Enacting economic sanctions on Russia is always a heavy lift for the Europeans. Due to how the European Union operates, consensus among the bloc’s twenty-eight member states is required if any new sanctions measures can be levied on another country. That’s an enormously tough road to climb for the European Union, especially when the country that members are trying to punish is Russia. It typically takes an act of such overt aggression like the annexation of Crimea or shooting down of a civilian airliner in the skies of Ukraine for the EU to muster that unity.

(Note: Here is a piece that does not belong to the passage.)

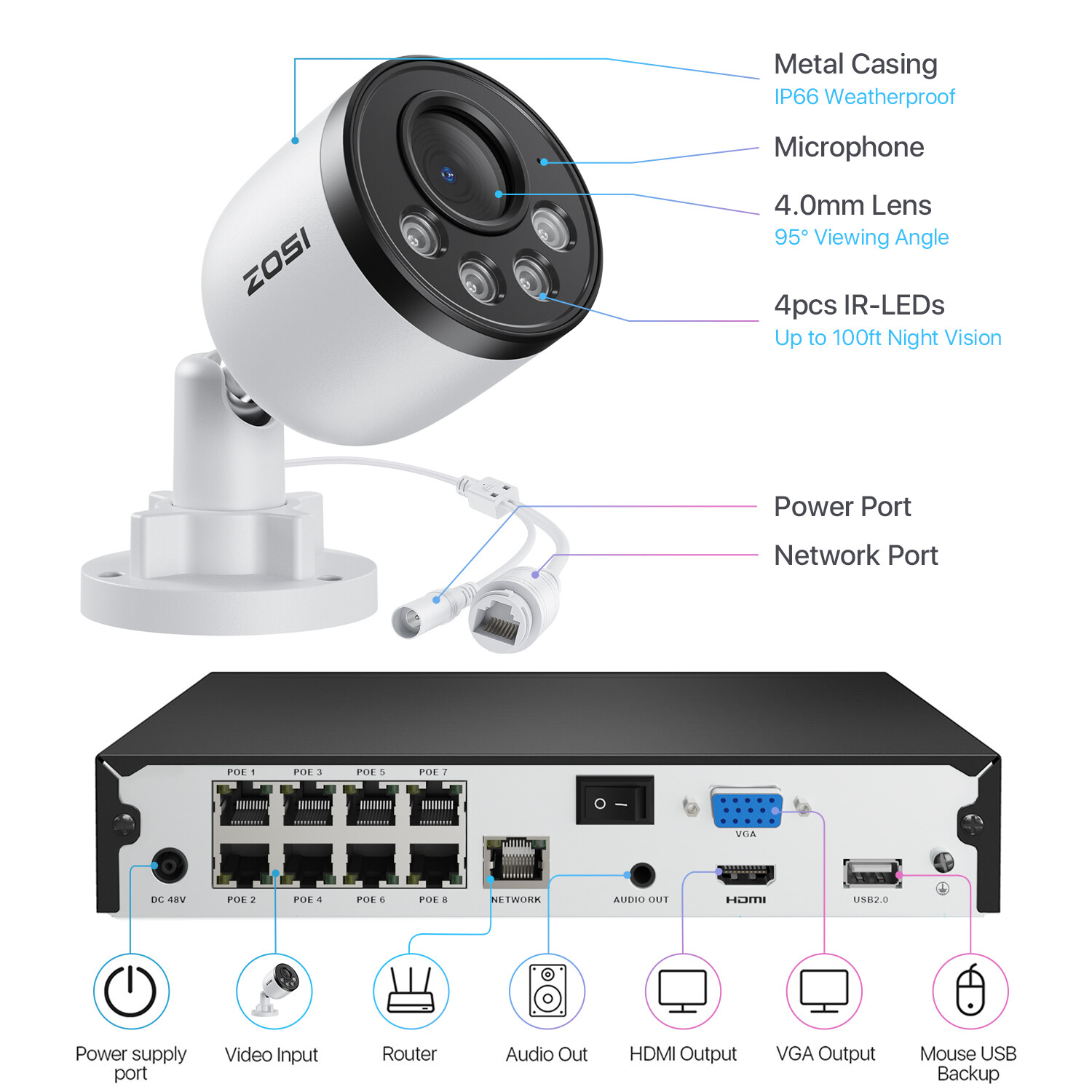 ZOSI 3K 8CH NVR 4MP PoE Security Camera System IP 1-Way Audio AI Detect CCTV 1TB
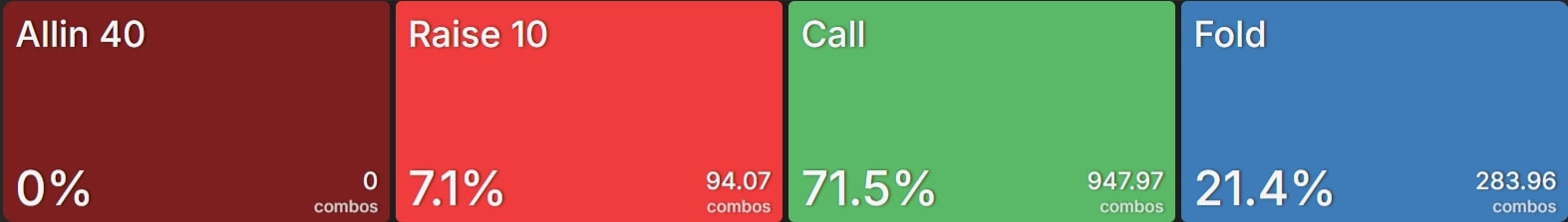 Как формировать диапазон для сквиза в покере — пример для кэш-игр и различных типов и стадий MTT 19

Aleppo was gearing up to be another instance when unanimity was possible. The Assad regime’s wholesale slaughter of the population and the Russian Air Force’s enabling and participation in it were beginning elicit a strong response. French President Francois Hollande, UK Prime Minister Theresa May, and German Chancellor Angela Merkel either suggested that Russia was engaging in war crimes or outright said it in public. The prospects for more economic restrictions on Russian individuals and entities for its support of the Assad regime was scheduled to be on the agenda last week when the EU heads of state were scheduled to meet.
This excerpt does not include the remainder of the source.